Carlos Ramírez de la Concepción – “Zorromono” (b. Nalda, La Rioja, Spain, 1987). From a very young age, this artist has been creating art that deals with the transformation of the contemporary social paradigm. The harmony between what he does and how he does it hints at his remarkable wisdom. Zorromono’s work is firmly rooted in his identity: it cannot be extricated from his rural origins and the social ecosystem that has nurtured him. With profound respect and courage, the artist utilizes builder’s tools inherited from his father. In Zorromono’s powerful hands, these tools take on new life and become ritualistic elements in his art installations. He fearlessly uses non-traditional materials to create surprising pieces, such as the soap he makes from very humble ingredients, which takes him back in time to his grandmother’s quiet bustling. Zorromono works with very simple materials at the agricultural co-op in his hometown, alongside neighbors from the surrounding countryside and other artists: their rural coexistence exudes vitality and enthusiasm.

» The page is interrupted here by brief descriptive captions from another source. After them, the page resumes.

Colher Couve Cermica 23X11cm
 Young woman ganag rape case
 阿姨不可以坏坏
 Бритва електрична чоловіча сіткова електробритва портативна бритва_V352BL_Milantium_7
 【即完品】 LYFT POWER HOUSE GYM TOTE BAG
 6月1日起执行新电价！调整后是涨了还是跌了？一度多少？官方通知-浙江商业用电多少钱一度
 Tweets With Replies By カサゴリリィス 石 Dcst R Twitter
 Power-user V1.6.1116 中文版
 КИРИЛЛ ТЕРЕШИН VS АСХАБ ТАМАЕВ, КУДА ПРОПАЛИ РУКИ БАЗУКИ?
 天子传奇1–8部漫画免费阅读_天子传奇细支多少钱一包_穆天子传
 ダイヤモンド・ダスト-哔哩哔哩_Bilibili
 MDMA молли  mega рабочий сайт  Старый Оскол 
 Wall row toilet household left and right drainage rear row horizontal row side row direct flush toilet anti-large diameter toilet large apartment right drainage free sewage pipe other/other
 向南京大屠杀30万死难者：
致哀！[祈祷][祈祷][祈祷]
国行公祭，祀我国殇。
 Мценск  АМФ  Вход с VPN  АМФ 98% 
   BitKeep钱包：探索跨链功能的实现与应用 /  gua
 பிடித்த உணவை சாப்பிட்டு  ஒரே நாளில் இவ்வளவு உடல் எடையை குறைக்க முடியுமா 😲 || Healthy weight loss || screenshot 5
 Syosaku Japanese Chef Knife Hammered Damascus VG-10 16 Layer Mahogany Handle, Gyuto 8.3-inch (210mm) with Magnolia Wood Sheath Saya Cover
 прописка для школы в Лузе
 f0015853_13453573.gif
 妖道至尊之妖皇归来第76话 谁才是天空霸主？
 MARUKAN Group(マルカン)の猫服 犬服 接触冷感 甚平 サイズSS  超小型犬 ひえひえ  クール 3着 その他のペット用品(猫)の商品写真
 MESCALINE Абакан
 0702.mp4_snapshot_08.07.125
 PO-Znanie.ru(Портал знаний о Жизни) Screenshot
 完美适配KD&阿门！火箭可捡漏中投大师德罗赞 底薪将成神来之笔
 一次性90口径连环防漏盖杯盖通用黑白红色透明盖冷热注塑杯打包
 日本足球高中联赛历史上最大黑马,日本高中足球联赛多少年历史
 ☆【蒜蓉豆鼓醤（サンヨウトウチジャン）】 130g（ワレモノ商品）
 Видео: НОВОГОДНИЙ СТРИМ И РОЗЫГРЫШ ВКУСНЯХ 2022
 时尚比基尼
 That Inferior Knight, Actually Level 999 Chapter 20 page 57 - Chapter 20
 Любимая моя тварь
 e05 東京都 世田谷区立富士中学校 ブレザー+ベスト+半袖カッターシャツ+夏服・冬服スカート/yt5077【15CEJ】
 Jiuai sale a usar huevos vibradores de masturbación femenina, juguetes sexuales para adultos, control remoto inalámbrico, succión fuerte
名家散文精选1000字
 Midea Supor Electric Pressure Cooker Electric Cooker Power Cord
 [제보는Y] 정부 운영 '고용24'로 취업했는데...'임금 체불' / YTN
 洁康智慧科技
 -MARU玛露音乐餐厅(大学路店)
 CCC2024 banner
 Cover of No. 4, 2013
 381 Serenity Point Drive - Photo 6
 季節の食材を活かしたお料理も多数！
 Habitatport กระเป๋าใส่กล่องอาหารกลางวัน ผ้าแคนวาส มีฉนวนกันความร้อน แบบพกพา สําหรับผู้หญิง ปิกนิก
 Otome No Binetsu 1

“Ritual Fragments” marks a new chapter in a series by Zorromono which began with “Ballad of consent to this world” (Amós Salvador Art Center, Logroño, La Rioja, 2016). This collection has been growing annually with individual and collective art projects. His powerful installations consist of humble off-white fabrics invaded by black ink; lacerated with strong, irreversible cuts; often criss-crossed by masts tearing the fabric to pieces, then revealing their full power. In his new project located in EspacioArteVACA (Viniegra de Abajo, La Rioja) Zorromono’s work takes a dual-pronged approach. By using an ancient stable and the adjoining traditional wash-house he creates a dialectic between the private and the public, generating contrasts and connections at the same time. Potent, yet everyday spaces, witnesses of our past toiling and long-disappeared collective rituals. They tell us about our past, while their disruptive presence in the present impels us to rethink our plans for the future.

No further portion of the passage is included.